Goal of the exercise:
There should be no pictures in your answer, only an exact copy of the lines from the one with "YouTube video player" through the end of the material.

==== Dataset section

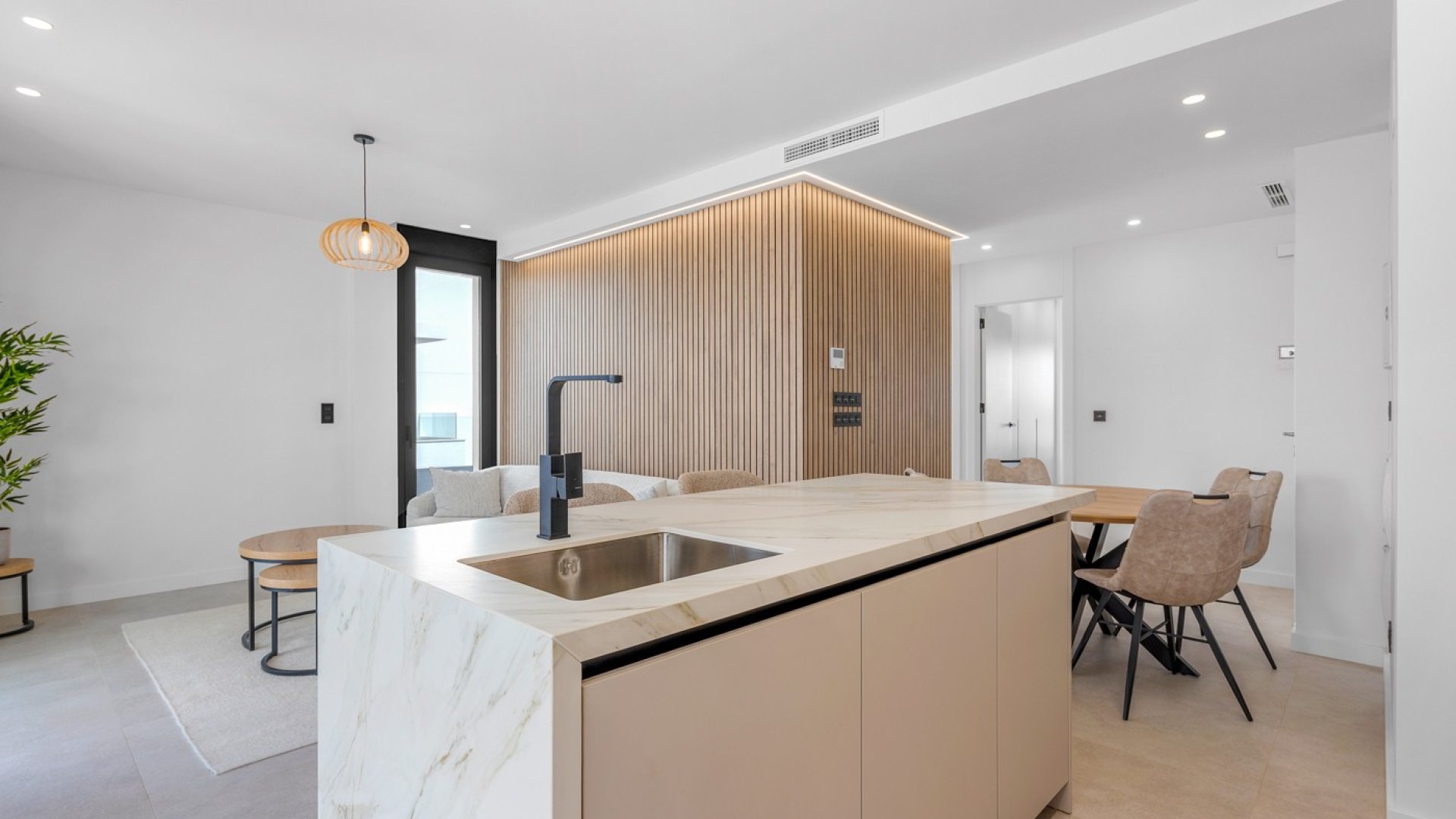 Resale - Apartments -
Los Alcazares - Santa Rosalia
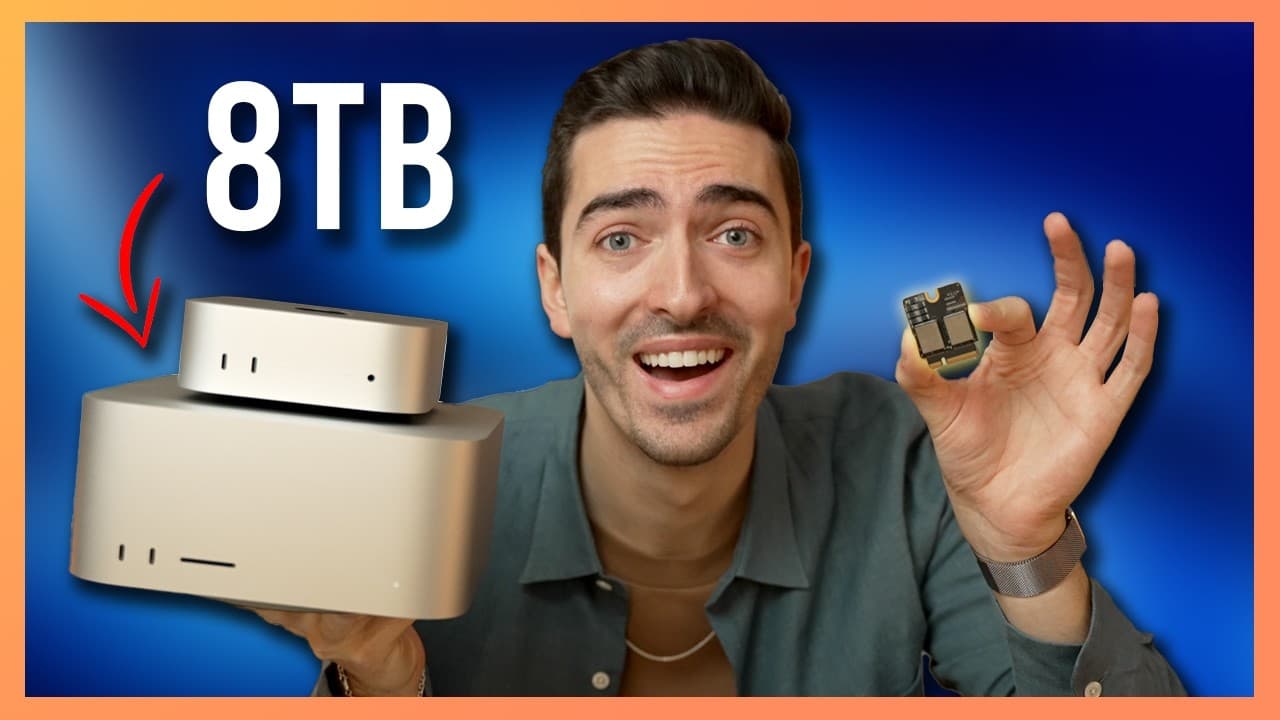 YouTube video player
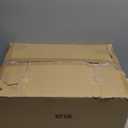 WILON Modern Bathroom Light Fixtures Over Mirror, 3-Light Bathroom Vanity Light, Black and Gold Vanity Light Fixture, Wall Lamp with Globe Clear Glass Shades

========

Reply:
 YouTube video player
 WILON Modern Bathroom Light Fixtures Over Mirror, 3-Light Bathroom Vanity Light, Black and Gold Vanity Light Fixture, Wall Lamp with Globe Clear Glass Shades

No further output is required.